How Artificial Intelligence Will Affect Your Editing Career

 (Guest article written by Philip Hodgetts of Intelligent Assistance).

Current State of AI In Filmmaking

When you read a headline like “Artificial Intelligence edits trailer for movie” it’s hard not to worry about how it might affect you, and your career. Well, the news is both good, and a little challenging.

The media likes to hype stories, but the reality is that no software algorithm or Artificial Intelligence (AI) cut a trailer for the movie Morgan. IBM Watson was programmed to find areas of high action, or high emotion from the movie, and make those selects for an experienced (human) trailer editor to create the trailer. 

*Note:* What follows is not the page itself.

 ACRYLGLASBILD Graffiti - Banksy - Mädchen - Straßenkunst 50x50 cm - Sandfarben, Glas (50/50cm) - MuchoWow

That “AI” pulled selects based on action and emotion is an amazing achievement and an indicator of where “AI” is right now. You may have noticed I put “AI” in air quotes because this is not autonomous AI: true think-like-a-human machines.

Autonomous Artificial General Intelligence – that a ‘machine’ could successfully perform any intellectual task that a human being can – worries the heck out of me ever since I read Tim Urban’s two part article The AI Revolution: The Road to Superintelligence

We’re not there yet. We may never create a true AI. AlphaGo, Sophia, self driving cars, and to a lesser extend personal assistants like Alexa, Siri, et al. are as close as we get to Artificial General Intelligence.

Learning Machines

But, before you can think you have to learn, and Machine Learning (ML) is booming. Learning Machines aren’t programmed like a traditional computer algorithm. Learning Machines learn from examples and feedback.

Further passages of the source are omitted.